Da viele Leser*innen des Heilpädagogischen Kurses erstmalig mit der anthroposophischen Menschenkunde in Berührung kommen, werden Auszüge aus dem Aufsatz „Die Erziehung des Kindes vom Gesichtspunkt der Geisteswissenschaft“ wie auch Ausführungen Frau Lemkes zum dritten Lebensjahrsiebt vorangestellt.
Als Überleitung zum heilpädagogischen Kurs folgt ein Beitrag zur doppelten Wesensgliederorganisation des Menschen. Wie diese Materie menschenkundlich vertieft werden kann, wird beispielhaft durch eine Darstellung zur menschlichen Sinnesorganisation und der sich daraus ergebenden Sinnesverarbeitung verdeutlicht.

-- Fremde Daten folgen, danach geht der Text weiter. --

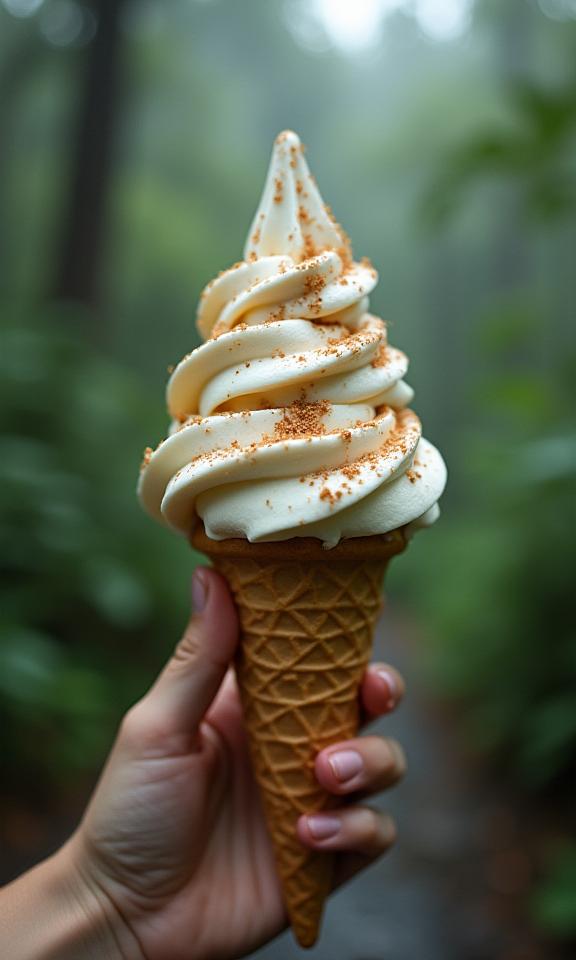 photograph, dreamlike and symbolic imagery, wide angle of a Cyberpunk ice cream cone , it is very Peplum and Comforting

Ein Beitrag zu den meditativen Momenten des Heilpädagogischen Kurses rundet das Kapitel zur Propädeutik ab – und das nicht ohne Grund: Bildet doch die meditative Arbeit eine wesentliche Grundlage für die Wirksamkeit jener Impulse, die der Heilpädagogische Kurs geben kann.

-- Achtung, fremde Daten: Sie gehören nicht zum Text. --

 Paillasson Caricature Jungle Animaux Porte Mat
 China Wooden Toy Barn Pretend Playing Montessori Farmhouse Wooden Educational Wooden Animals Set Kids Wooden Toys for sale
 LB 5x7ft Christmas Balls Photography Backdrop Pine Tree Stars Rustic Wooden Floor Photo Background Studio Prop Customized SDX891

Erstveröffentlichung in „Lucifer-Gnosis“, Nr. 33, Mai 1907 (GA Bd. 34, S. 309-348)
„Die materialistisch orientierte Forschung betrachtet die Sinneserfahrung als die Grundlage allen Wissens. Was nicht auf dieser Grundlage aufgebaut werden kann, hält sie nicht für wissbar.
(…) Die Geisteswissenschaft zeigt, dass der Mensch (…) sich weitere (Erkenntnis-) Welten durch die Entfaltung neuer Organe erobern kann (s. u. die aphoristischen Ausführungen zum Geistselbst, Lebensgeist und Geistesmenschen). Es gibt viele Welten um den Menschen herum, und dieser kann sie wahrnehmen, wenn er nur die notwendigen Organe dazu ausbildet.

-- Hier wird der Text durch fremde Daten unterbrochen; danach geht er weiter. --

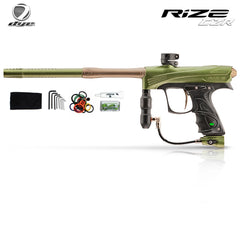 Dye Rize CZR Full Auto Paintball Gun Marker w/ 48/3000 HPA Tank, Empire Halo Too Loader, Empire Helix Thermal Mask, Neck Protector, 4+3 Harness & (4) Pods Starter Package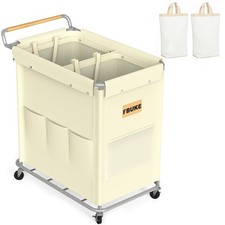 Rolling Laundry Basket with Wheels 160L Large Double Hamper 2 Section Sorter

Jene höheren Organe, durch welche der Mensch in übergeordnete Welten eindringen kann, sind im Keime bei jedem Menschen vorhanden. Jeder kann sie (bis zur bewussten Anwendung weiter-) entwickeln, der Geduld, Ausdauer und Energie dazu hat, jene Methoden auf sich anzuwenden, welche in den Aufsätzen: «Wie erlangt man Erkenntnisse der höheren Welten?» beschrieben worden sind.“ (1)
1. Die Wesensglieder
a) Der physische Leib
„Das, was die Sinnesbeobachtung am Menschen kennenlernt, (…) ist für die geistige Erforschung nur ein (…) Glied der Menschennatur, nämlich sein physischer Leib. Dieser physische Leib (…) setzt sich aus denselben Stoffen und Kräften zusammen wie die ganze übrige sogenannte leblose Welt. Die Geisteswissenschaft sagt daher: Der Mensch habe diesen physischen Leib mit dem ganzen Mineralreich gemeinsam. Und sie bezeichnet am Menschen nur als physischen Leib, was dieselben Stoffe nach denselben Gesetzen zur Mischung, Verbindung, Gestaltung und Auflösung bringt, die auch in der mineralischen Welt als Stoffe nach eben diesen Gesetzen wirken.“
Anm.: R. Steiner erwähnt hier nicht jenes geistige Prinzip, nach welchem sich z. B. Kristalle strukturieren und chemische Reaktionen ablaufen. So konstituiert sich auch der menschliche physische Leib in seiner Konsistenz (Beschaffenheit) und Kohärenz (Zusammenhalt) nach einem geistigen Prinzip, das als Phantom bezeichnet wird. Dieses Prinzip löst sich mit dem Tode vom physischen Leib und überlässt ihn den Kräften des Zerfalls. Die ‚Arbeit‘ des Phantoms ist von jenen Wirkungen zu unterscheiden, die der im Folgenden beschriebene Lebensleib auf den physischen Leib als ‚Beleber‘ und ‚Verlebendiger‘ ausübt.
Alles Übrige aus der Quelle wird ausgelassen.